With Europe, we're less nervous. I want to love Europe. It's killing me, not to love Europe. Because you've got a Central Bank that's still easing, in contrast to the US, and you have much better equity valuations compared with the US. For the first time in a while we're actually seeing some good economic momentum. So if you look at the business confidence surveys, consumer confidence surveys, bank lending, all these things are saying, okay you've got some positive momentum that could help corporate earnings here, which is great. With all of that, I should be buying this and not the US, but then you get to the election calendar, and you're stopped dead in your tracks. Because the French election in April and May, it's Brexit on steroids. Le Pen is highly unlikely to win the election, but now we've seen time after time after time polls can be wrong. She's campaigned on exiting the euro currency block, and that to us is a much bigger deal than Brexit because it would throw into question the credibility of the entire single currency for Europe. So it's a big enough risk that despite a lot of positives for continental European equities, we're going to stay underweight. We have some exposure, but pretty minimal, and then we'll see how that election story plays out. We might be late into it, but if she doesn't win and you get someone a bit more centrist in that seat in May, you could have a really nice second half of the year for Europe, all else equal. So that's an area we're keeping a close eye on.

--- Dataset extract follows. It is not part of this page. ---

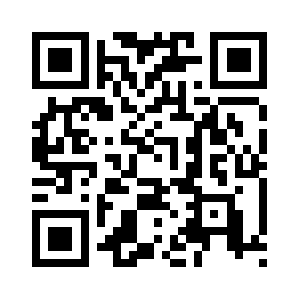 Tableclothsfacotry.com QR code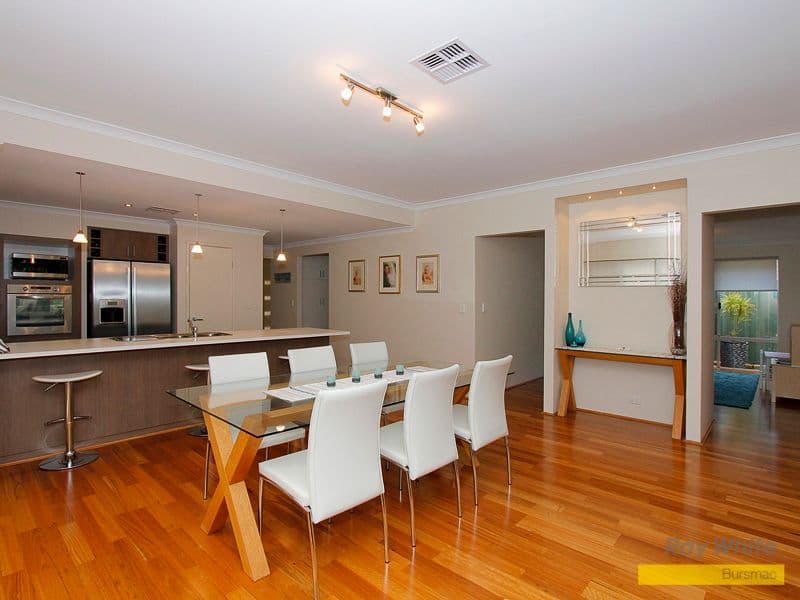 16 Hersey Parkway, LANDSDALE WA 6065, Landsdale - Thumbnail 6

In Japan, the weakening yen with the strengthening dollar, all else equal, is good for Japanese stocks. Japan is very sensitive to US growth, so if the US is doing better, that tends to be good for Japan. Again we're keeping a close eye on all of these trade talks, because if he doesn't like weak currencies helping foreign economies - I see Japan in the crosshairs a little bit. So again underweight there but not as a strong a view as the UK.

With emerging markets, we're just looking for selective companies which we think are less sensitive to possible trade situations under the Trump administration.

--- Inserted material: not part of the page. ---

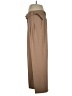 Ann Taylor Tan Dress Pants Size 12 - photo 5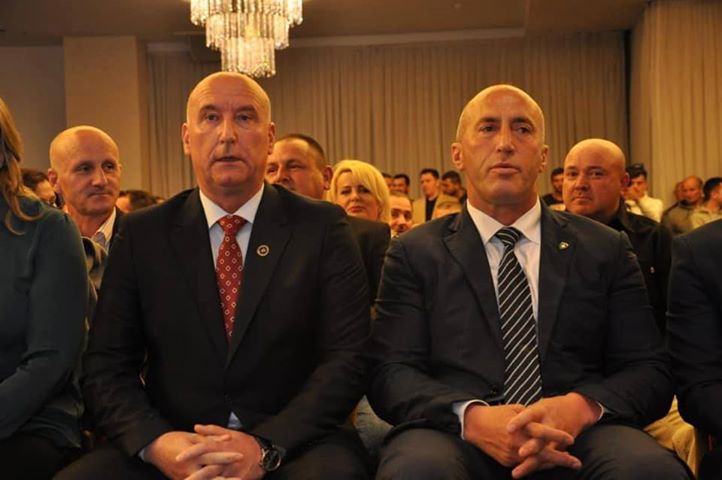 Nënkryetari i AAK-së thotë se zgjedhje do të ketë, e askush nuk duhet frikësuar nga to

China is the one we care most about. Mexico needs America. 25% of their GDP comes from exports to America, so they don't have a choice. If Trump wants to deal, they have to deal. China is not nearly as reliant on exports to America as Mexico is. So if we go after China, I don't think they are just going to sit there and take it. They're going to retaliate in some fashion. They could threaten to lighten the amount of US Treasuries they hold or they could devalue their currency to offset any tariffs we place on them. They could also retaliate in a more indirect way. It could be militarily in the South China Sea by taking a greater stand there for example. There's lots of things they can do.

I think it was fascinating to see President Xi at Davos talking about how China is open for business. He sees an opportunity for China to strengthen its global footprint and its leadership role in the world. We'll see how successful he is, but certainly with the trade agreement they're working, ARCEP, he could end up benefitting greatly from this opportunity. But do we buy Chinese stocks? If we wake up and there's a tweet about a Chinese manipulator or a Chinese tariff, the short term reaction is going to be China equities lower and greater expectations for a weaker renminbi. Then you'll see the spillover effects to any country that has trade relations with China. That will include Asia but also a lot of the commodity exporters like Chile. It will have a global impact. The risk is great enough that even though there's some interesting things going on with Asia right now, we're just keeping our exposure modest and the security selection very selective.